Callbacks should stay if you ask me. It's also not something I consider easily pluginizable (this is deep, nasty backend stuff).
Granted, nobody uses components (and they were sort of deadborn anyway), so no problem here. Granted, special DB adapters are a spicy specialty that only their respective
maintainers should touch. But I got the problem with the big picture. It just upsets me that more and more totally vital things get extracted without anybody being asked if it's a good cource of action or not.
It's just presented as a faite accompli in a changeset. I know the "I don't owe you shit" argument, thanks.
So I could take it for pagination (I had no app of all the ones I have built that didn't make use of it to date). Why did you kill the poor fella? "Did not like the style".
I took it for acts_as_list (none of the apps I've made could do without it either). Why did you kill the poor fella? "Did not like the style".
I took it for acts_as_nested_set (the half of what I've built got that in heavy rotation too). Why did you kill the poor fella? "Did not like the style".
I am all for "less software" and such, but it's kind of unpleasant to see the very features which warrant my Rails use
evaporate. With a poof. And I never, _never_ as of yet made anything using the restful paradigm, neither did I have any need to do so.
Did these components have failing tests before extraction? No they didn't (most). Did they brake all the time? No. Is someone going to do CI with them now that they are gone? _Nobody_.
There are tickets on the trac for nested set and acts as list, and everybody knows what happened to them. There are people that wrote better_nested_set and friends - this has never become trunk, for one reason or another (most of the reasons being political so it seems).
What I ultimately fear (and I consider the fear justified) is that there will be a case of component rot (look at what happens to the plugins which are already extracted,for instance. "This plugin only works with Edge Rails revision 76743").

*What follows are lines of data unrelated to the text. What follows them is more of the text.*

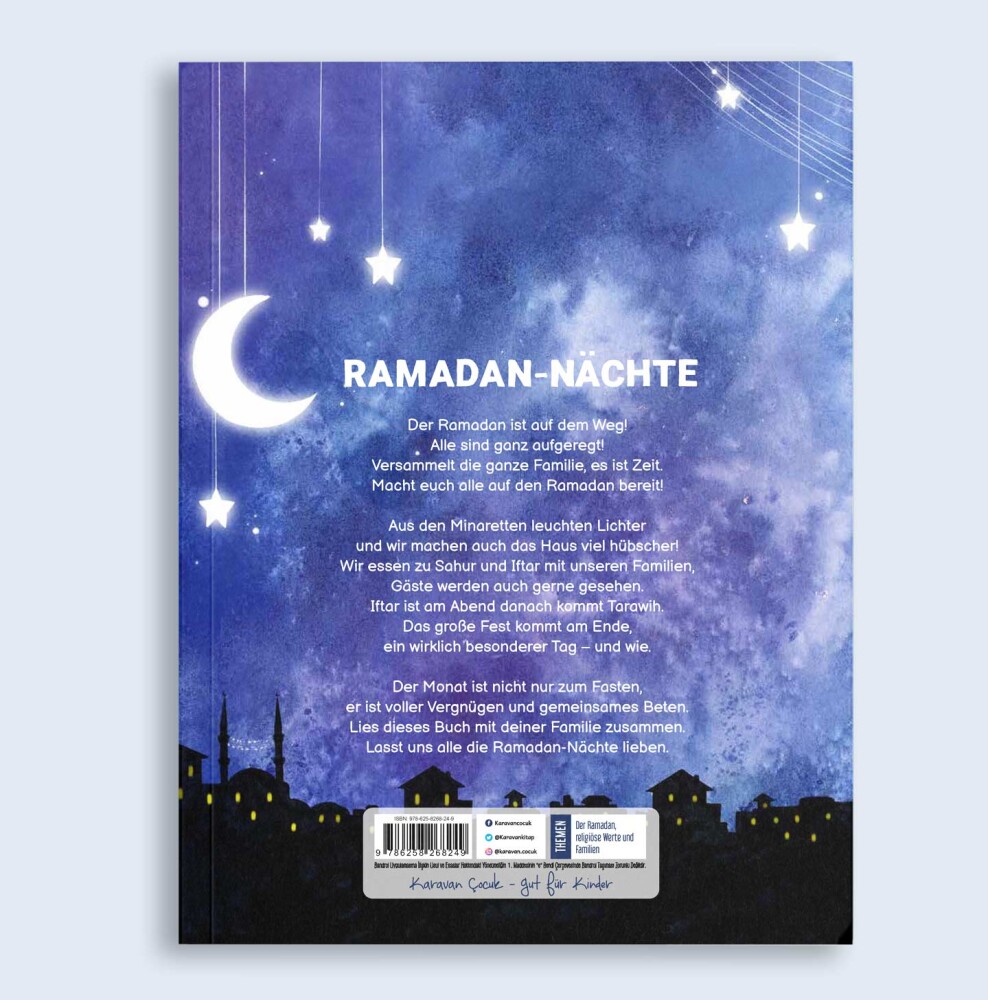 Almanca, Ramazan Geceleri, RAMADAN-NÄCHTE, Jenny Molendyk Divleli - 2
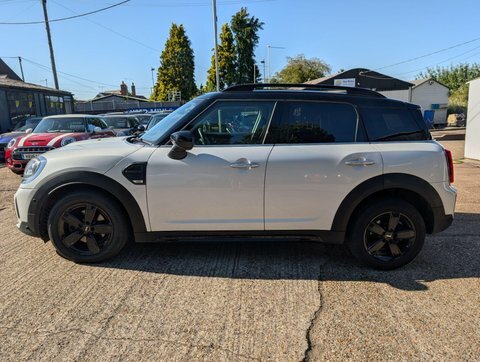 Mini Countryman 1.5 Cooper Classic White #6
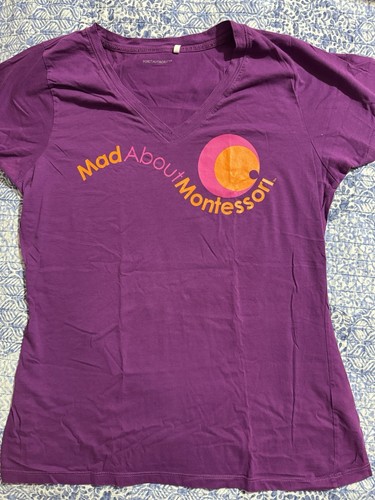2 Cute Montessori T-shirts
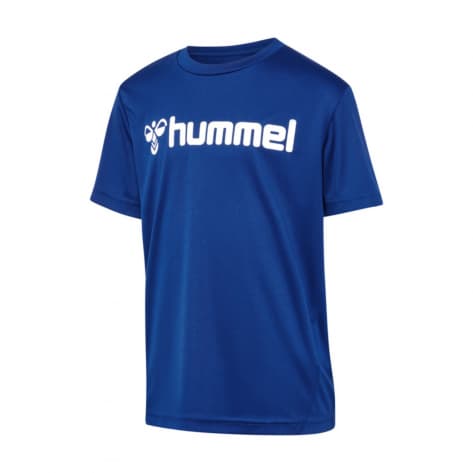 Hummel Kinder Trikot hmlLogo s/s Jersey Kids 226164-7045 164 True Blue | 164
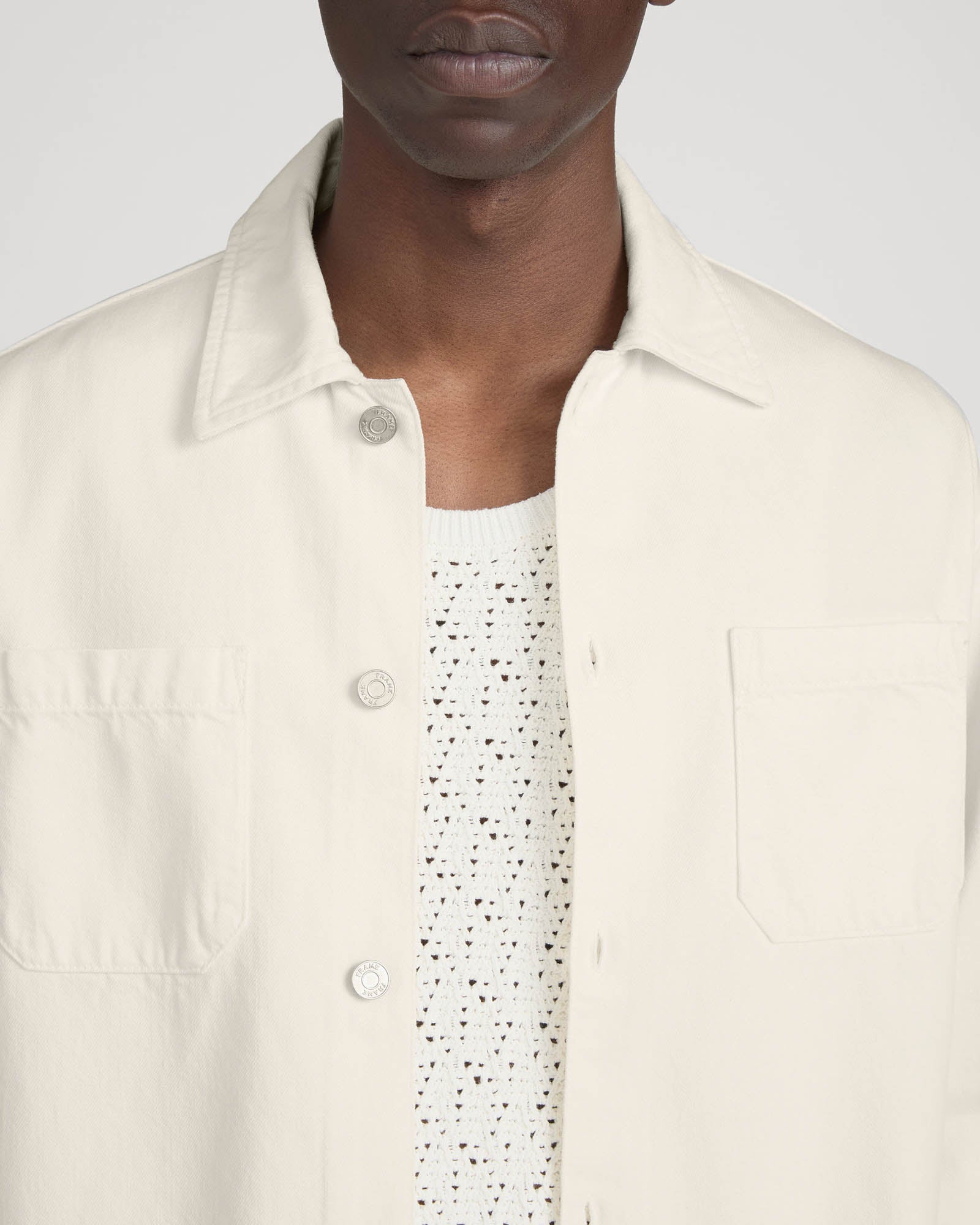 Lightweight Shirt Jacket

At the same time nothing is being done to actually loose-couple the components (and make their partial use possible) - you can't run a plugin test on a controller withour running routes. Can you do a template lookup without engaging the whole view subsystem and doing major monkeypatching? No you can't (yes I did file a ticket on that).
I can imagine that the extractions taking place are targeted at simplifying support of Rails as a coherent piece of software. I know that extractions do not bring (or bring only minimal) speed benefits (it's not that big
of a deal on the performance front to "extract everything").
And yes, I do use habtm callbacks (seldom) and I do use spacer_templates (often), even if they might be not en-vogue and rest-du-jour. Am I the only one on this list who uses that stuff, I wonder.
The only course of action that I can justify in this case is "extract but keep" - that is, the extracted pieces should be integrated into the testing/CI lifecycle. At least so that you know when they cease to function
between rev. 18212121 and 18212122, while many many innocent folks depend on them. So that Rails indeed works like a "composable set of plugins" but stays testable and runnable as a whole (with or without
the bells and whistles). As the current course of action goes, it's "get rid of" instead of "pluginize". That's the approach that is worrying.
Hope I did not offend anyone. If I'm alone in these thoughts I will rest my case (I'm not core and I did not win any hackfests, and do not do kung-fu, so my opinion weights in at around 2 grams metric).